High Performance Isn’t What You Think It Is

One of the most misunderstood concepts in personal development is high performance.

What does high performance mean to you?

Take a moment to answer that question.

To me, high performance means producing great results. To produce great results, I need to be productive.

What does productivity mean to you?

Again, take a moment to answer that question.

To me, productivity means output divided by input.

The Formula of Productivity

We can derive several conclusions from that formula.

We can increase our output by increasing our input and keeping our productivity constant.

That’s what most people understand from high performance.
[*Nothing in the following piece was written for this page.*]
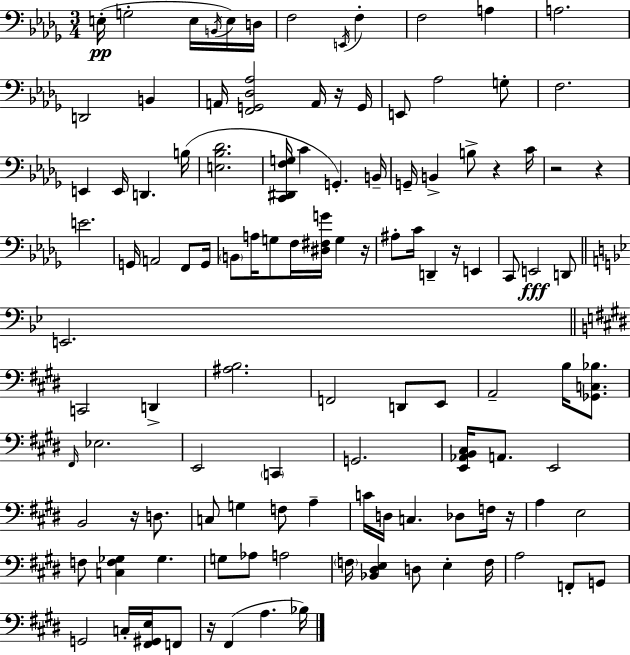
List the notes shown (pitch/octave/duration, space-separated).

E3/s G3/h E3/s B2/s E3/s D3/s F3/h E2/s F3/q F3/h A3/q A3/h. D2/h B2/q A2/s [F2,G2,Db3,Ab3]/h A2/s R/s G2/s E2/e Ab3/h G3/e F3/h. E2/q E2/s D2/q. B3/s [E3,Bb3,Db4]/h. [C2,D#2,F3,G3]/s C4/q G2/q. B2/s G2/s B2/q B3/e R/q C4/s R/h R/q E4/h. G2/s A2/h F2/e G2/s B2/e A3/s G3/e F3/s [D#3,F#3,G4]/s G3/q R/s A#3/e C4/s D2/q R/s E2/q C2/e E2/h D2/e E2/h. C2/h D2/q [A#3,B3]/h. F2/h D2/e E2/e A2/h B3/s [Gb2,C3,Bb3]/e. F#2/s Eb3/h. E2/h C2/q G2/h. [E2,Ab2,B2,C#3]/s A2/e. E2/h B2/h R/s D3/e. C3/e G3/q F3/e A3/q C4/s D3/s C3/q. Db3/e F3/s R/s A3/q E3/h F3/e [C3,F3,Gb3]/q Gb3/q. G3/e Ab3/e A3/h F3/s [Bb2,D#3,E3]/q D3/e E3/q F3/s A3/h F2/e G2/e G2/h C3/s [F#2,G#2,E3]/s F2/e R/s F#2/q A3/q. Bb3/s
Do you want to increase your output? Increase your input. They make the assumption that your productivity will remain the same. This type of thinking can be summarized as “work hard.”

We can increase our output by increasing our productivity and keeping our input constant.

Some people realize that you can only increase your input to a limited level without sacrificing your productivity. There are only 24 hours on a day, and you need some sleep too. To increase your output, you need to improve your productivity. The motto of this type of thinking is “work smart.”

High Performance: Work Hard and Work Smart

Obviously, high performance involves working hard and working smart at the same time.

Believe it or not, working hard is the easiest part. Self-discipline is a muscle you can develop over time. The hardest part is to work smart.

Working smart, in other words increasing your productivity, requires innovation. Innovation requires taking a step back from your work. Looking at your processes from a higher level, detecting bottlenecks, and solving those bottlenecks.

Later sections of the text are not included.